The first zero before the suffix is the ‘pivot’, further breaking down the example: $10.0.11100$.

We swap the rightmost one in the suffix, with this pivot (rightmost successor in the article). So the example becomes $10.1.11000$. However, the suffix part needs to be sorted, since so far we were permuting with the prefix $10.0.$, but this is the first permuation with the prefix $10.1.$, and therefore the suffix should be it’s own smallest permutation (basically, it should be sorted).

Hence, we move the zeroes in the suffix to the end, resulting in $10.1.00011$. This is the correct next permutation.

Solution

uint64_t next(uint64_t n) {
  // Find the first unset bit (pivot).
  uint64_t pivotBit = __builtin_ctz((n | n - 1) + 1);  

  // Set the first unset bit (pivot).
  uint64_t step1 = n | (1<<pivotBit);

  // Unset the first set bit (successor).
  uint64_t step2 = step1 & (step1 - 1);

  // Extract the part after the pivot.
  uint64_t suffixMask = (1 << pivotBit) - 1;
  uint64_t suffix = step2 & suffixMask;

  // Zero out the suffix, and only keep the 1's around.
  uint64_t final = (step2 & ~suffixMask) | (suffix >> __builtin_ctz(suffix));
  return final;
}

We’ll break it down.

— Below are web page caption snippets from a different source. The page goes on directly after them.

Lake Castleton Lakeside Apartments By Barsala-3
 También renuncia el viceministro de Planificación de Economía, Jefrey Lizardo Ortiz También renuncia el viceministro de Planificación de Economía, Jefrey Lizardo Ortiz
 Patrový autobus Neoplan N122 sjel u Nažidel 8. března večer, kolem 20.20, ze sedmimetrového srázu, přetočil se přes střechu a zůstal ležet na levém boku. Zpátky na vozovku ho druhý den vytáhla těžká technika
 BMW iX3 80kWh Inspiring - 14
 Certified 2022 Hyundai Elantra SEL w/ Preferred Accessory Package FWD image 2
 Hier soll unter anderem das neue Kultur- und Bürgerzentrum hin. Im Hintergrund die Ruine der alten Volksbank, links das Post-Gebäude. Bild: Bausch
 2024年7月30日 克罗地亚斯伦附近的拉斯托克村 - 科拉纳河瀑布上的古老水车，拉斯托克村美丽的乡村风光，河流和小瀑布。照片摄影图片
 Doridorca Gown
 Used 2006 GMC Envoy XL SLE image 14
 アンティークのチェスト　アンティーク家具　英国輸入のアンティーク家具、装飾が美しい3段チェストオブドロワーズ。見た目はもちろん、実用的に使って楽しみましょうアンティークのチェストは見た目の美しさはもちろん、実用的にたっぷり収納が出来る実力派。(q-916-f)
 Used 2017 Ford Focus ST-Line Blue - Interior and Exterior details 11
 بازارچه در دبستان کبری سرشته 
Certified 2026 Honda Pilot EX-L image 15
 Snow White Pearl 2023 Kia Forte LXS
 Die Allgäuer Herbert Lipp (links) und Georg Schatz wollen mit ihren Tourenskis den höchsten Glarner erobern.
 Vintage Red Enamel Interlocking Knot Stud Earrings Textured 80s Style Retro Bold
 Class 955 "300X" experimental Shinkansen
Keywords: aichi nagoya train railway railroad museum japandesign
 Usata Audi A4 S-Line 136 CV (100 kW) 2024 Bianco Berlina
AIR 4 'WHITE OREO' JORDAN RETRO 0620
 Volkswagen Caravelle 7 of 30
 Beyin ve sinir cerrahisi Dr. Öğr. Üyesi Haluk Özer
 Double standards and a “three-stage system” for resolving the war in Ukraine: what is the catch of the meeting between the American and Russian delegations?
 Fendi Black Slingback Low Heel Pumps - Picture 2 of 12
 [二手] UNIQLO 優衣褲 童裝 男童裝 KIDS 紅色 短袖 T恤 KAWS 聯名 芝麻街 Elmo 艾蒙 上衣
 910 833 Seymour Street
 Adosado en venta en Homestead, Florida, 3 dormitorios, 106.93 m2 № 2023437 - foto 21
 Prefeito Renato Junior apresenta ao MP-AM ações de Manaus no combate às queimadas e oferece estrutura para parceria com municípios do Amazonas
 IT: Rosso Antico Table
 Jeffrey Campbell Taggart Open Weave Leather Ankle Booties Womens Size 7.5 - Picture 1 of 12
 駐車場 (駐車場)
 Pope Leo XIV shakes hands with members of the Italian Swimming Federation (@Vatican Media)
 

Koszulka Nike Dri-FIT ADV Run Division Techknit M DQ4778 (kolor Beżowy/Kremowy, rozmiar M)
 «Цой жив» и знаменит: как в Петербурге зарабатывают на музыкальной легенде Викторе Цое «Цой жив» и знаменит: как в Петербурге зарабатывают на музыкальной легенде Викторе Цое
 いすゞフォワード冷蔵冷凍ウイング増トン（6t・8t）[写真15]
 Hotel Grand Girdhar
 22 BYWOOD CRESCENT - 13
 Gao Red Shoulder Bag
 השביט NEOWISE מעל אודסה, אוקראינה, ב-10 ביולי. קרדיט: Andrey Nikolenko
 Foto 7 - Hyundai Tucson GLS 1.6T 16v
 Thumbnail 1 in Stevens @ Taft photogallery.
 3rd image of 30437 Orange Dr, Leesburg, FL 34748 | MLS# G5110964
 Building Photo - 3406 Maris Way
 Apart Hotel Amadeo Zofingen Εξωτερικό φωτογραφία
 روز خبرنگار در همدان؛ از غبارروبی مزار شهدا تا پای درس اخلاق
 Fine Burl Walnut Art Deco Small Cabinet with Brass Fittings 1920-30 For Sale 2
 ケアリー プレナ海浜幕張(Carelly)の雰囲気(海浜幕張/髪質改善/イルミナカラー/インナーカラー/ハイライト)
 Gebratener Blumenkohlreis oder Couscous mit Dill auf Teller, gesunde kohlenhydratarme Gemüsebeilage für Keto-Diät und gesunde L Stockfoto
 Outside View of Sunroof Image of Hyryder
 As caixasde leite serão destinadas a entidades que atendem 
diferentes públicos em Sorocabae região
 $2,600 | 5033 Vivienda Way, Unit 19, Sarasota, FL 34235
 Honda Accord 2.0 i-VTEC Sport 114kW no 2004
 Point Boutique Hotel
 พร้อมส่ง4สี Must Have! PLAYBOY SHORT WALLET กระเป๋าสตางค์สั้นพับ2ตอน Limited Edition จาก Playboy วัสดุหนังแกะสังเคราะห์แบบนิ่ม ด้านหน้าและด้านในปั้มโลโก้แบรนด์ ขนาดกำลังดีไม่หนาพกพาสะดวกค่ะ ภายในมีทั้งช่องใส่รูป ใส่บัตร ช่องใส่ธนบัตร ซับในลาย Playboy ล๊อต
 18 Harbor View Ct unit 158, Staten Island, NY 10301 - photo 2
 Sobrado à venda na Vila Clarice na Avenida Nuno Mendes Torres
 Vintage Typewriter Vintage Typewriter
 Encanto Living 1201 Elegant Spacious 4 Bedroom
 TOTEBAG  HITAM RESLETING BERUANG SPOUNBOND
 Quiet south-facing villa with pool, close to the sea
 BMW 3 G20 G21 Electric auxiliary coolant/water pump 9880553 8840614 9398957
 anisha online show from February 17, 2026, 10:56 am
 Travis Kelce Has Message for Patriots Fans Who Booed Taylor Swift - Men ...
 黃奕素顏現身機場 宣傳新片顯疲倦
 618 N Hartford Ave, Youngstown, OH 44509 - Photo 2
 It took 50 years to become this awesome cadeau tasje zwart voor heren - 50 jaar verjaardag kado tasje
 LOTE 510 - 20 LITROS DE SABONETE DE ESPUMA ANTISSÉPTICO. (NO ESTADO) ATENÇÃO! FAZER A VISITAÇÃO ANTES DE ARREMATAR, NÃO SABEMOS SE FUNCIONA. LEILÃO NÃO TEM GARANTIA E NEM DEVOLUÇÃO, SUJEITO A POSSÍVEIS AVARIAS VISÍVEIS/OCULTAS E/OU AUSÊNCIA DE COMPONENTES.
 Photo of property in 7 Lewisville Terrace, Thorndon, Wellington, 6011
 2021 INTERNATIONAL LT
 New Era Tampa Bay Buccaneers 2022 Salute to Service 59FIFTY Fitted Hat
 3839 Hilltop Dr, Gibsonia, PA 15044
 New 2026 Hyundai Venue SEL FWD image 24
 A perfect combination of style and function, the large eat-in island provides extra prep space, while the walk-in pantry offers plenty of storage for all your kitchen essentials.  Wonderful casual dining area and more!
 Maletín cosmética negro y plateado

Trust me, it’s easier to grasp than the terse wisdom of Sean Anderson’s snippet.

Code-Walkthrough

// Find the first unset bit (pivot).
uint64_t pivotBit = __builtin_ctz((n | n - 1) + 1);

To find the pivot in the example $n = 10011100$, we set all the bits in the suffix to 1 first.

$n-1$ will set the trailing zeroes to 1, i.e., $10011011$, and $n | n-1$ would result in a value with all original bits set, along with the trailing zeroes set to 1, i.e., $10011111$. Thus, all the bits in the suffix are now set.

We now set the pivot bit to 1 (and unset the entire suffix), by adding 1. Using __builtin_ctz we can then find the number of trailing zeroes, which is the same as the bit number of the pivot. See the note below for __builtin functions.

// Set the first unset bit (pivot).
uint64_t step1 = n | (1<<pivotBit);

We then proceed to set the pivot. Since the value of $n$ was $10011100$, $step1 = 10111100$.

// Unset the first set bit (successor).
uint64_t step2 = step1 & (step1 - 1);

Now we need to unset the successor, which we can do by a trick similar to how we found the pivot. step1 - 1 would unset the lowest significant set bit (the successor) and set all it’s trailing zeroes (i.e., $10111011$). step1 & (step1 - 1) i.e., $10111100 \& 10111011$ would lead to zero-ing out of the successor bit and the trailing zeroes. Hence, $step2 = 10111000$.

// Extract the part after the pivot.
uint64_t suffixMask = (1 << pivotBit) - 1;
uint64_t suffix = step2 & suffixMask;

This is fairly straightforward, we extract the suffix mask, i.e., all the bits corresponding to the suffix part are set, and then $\&$ with the number $10.1.11000$ so far gives us the modified suffix, i.e. $11000$.

uint64_t final = (suffix >> __builtin_ctz(suffix)) | (step2 & ~suffixMask);
return final;

All we need to do now is to pull the 1s to the left in the suffix. This is done by left-shifting them by the number of trailing zeroes, so we get $00011$ (the first part of the calculation of final). This is our ‘sorted’ suffix we mentioned earlier.

Then we OR it with the number so far, but except the suffix part zero-ed out, so that we replace the unsorted suffix with this sorted suffix, i.e. $00011 | 10100000 \implies 10100011$.

I hope this helped you breakdown what’s going on, and probably served as a bridge between the naive solution and one-liner bitwise hacks.

Please leave any comments below. I’d be super happy to discuss any alternative solutions!

Appendix: __builtin Functions

Whenever you are working with bitwise operations, gcc provides built-in methods such as __builtin_popcount (number of set bits in the argument), __builtin_ctz (number of trailing zeroes in the argument), and so on. These functions map to fast hardware instructions, and are also concise to write in code, so I use them whenever I can.